### TASK OBJECTIVE
What you return should be the entries, unchanged, without their pictures.

(Dataset entries)
--- --- ---
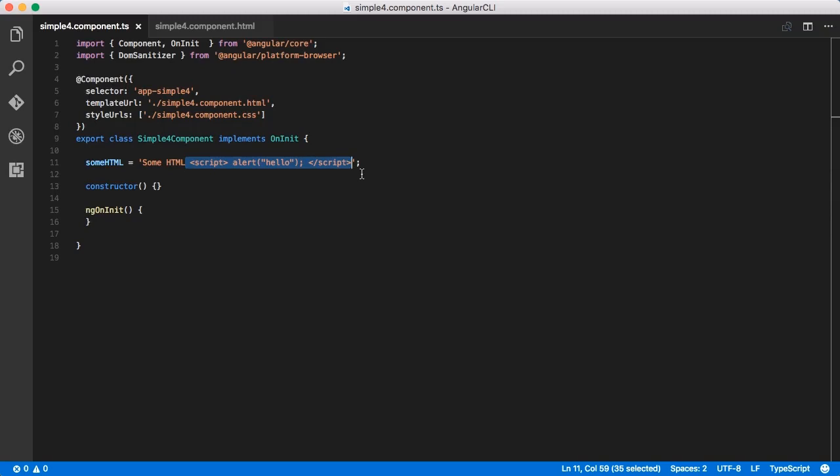Now, as you can see here, our script tag is fairly harmless, but if an attacker is able to provide a value like this containing a script tag that can get into our DOM, it's fair to assume that attacker is going to be concerning themselves with something more malicious than a simple pop-up alert.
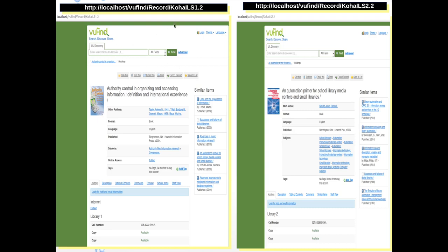Here you can see the result: BibID 2 now becomes KOHAILS1.2 from library 1 and KOHAILS2.2 from library 2, and it can generate real-time item-level status from library 1 and from library 2. That is quite possible although the method is a bit tricky.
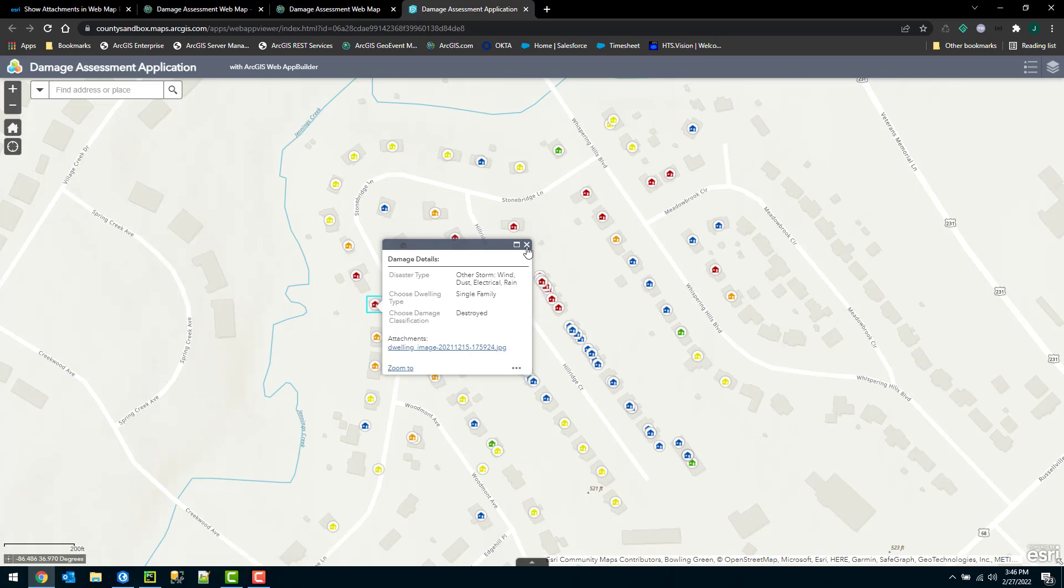But walking through this workflow, we'll show you how we can have that application show the attachment directly in the pop-up here.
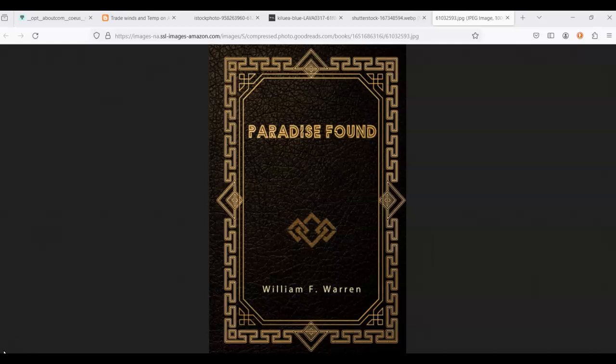Hi everyone, I'm Shelley, and you're watching There's No Place Like Home. I'm back with another reading of Paradise Found by William F. Warren.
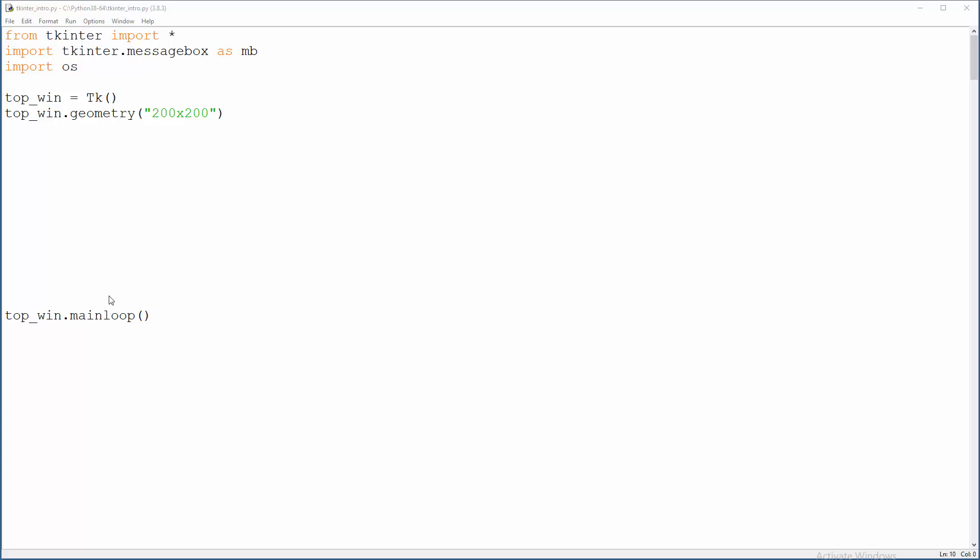Okay guys, in this tutorial we're going to talk about text widget. The difference between text widget and entry widget is that text widget can hold multiple lines of text.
--- --- ---
### ANSWER TO THE EXERCISE
Now, as you can see here, our script tag is fairly harmless, but if an attacker is able to provide a value like this containing a script tag that can get into our DOM, it's fair to assume that attacker is going to be concerning themselves with something more malicious than a simple pop-up alert.
Here you can see the result: BibID 2 now becomes KOHAILS1.2 from library 1 and KOHAILS2.2 from library 2, and it can generate real-time item-level status from library 1 and from library 2. That is quite possible although the method is a bit tricky.
But walking through this workflow, we'll show you how we can have that application show the attachment directly in the pop-up here.
Hi everyone, I'm Shelley, and you're watching There's No Place Like Home. I'm back with another reading of Paradise Found by William F. Warren.
Okay guys, in this tutorial we're going to talk about text widget. The difference between text widget and entry widget is that text widget can hold multiple lines of text.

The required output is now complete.